Mom, of course, was a devout Catholic. Because Nana before that said so.  She sent me to Catholic School til seventh grade or so and we attended church every Sunday. 
This, of course, had its advantages.  I did everything I was told.  And because of the strict dress code, I never had to plan my outfits. I did, however, spend the better half of my childhood in maroon kneesocks. 

And my best friends were nuns.  

Of course, attending Catholic school had its disadvantages as well. Foremost being, I had to learn about the birds, the bees, and everything in between from a NUN.  

A NUN, mind you. At the ripe age of twelve, Sister Cynthia taught me about the purpose of life.  That being: don’t share any BIRD with any BEE and just become a NUN.

Which was fairly appropriate since the only boys I communicated with were my cousins and my C.Thomas Howell posters.  My dating pool was slim to none.  Especially on account of the maroon kneesocks.

The nuns also provided me with well-heeded advice.  Never shave above the leg, sit like a lady and use pads, not tampons.
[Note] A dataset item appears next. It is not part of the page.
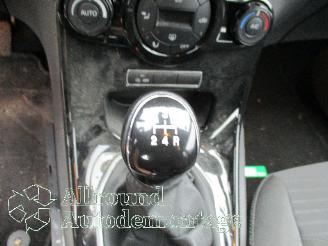 Ford Fiesta Fiesta 6 (JA8) Hatchback 1.0 EcoBoost 12V 100 (SFJA(Euro 5)) [74kW]  (=
01-2013/06-2017) picture 10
The Lord frowns upon sticking anything up THERE.  I think it is a commandment.

Mom didn’t breathe a word about “becoming a woman” while I grew up so I asked no questions and made no announcement, especially having sworn to keep the truth and nothing but the truth from my three younger sisters.  It was an unspoken DON’T ASK and DON’T TELL policy. Because Mom said so. And Nana before that said so, too.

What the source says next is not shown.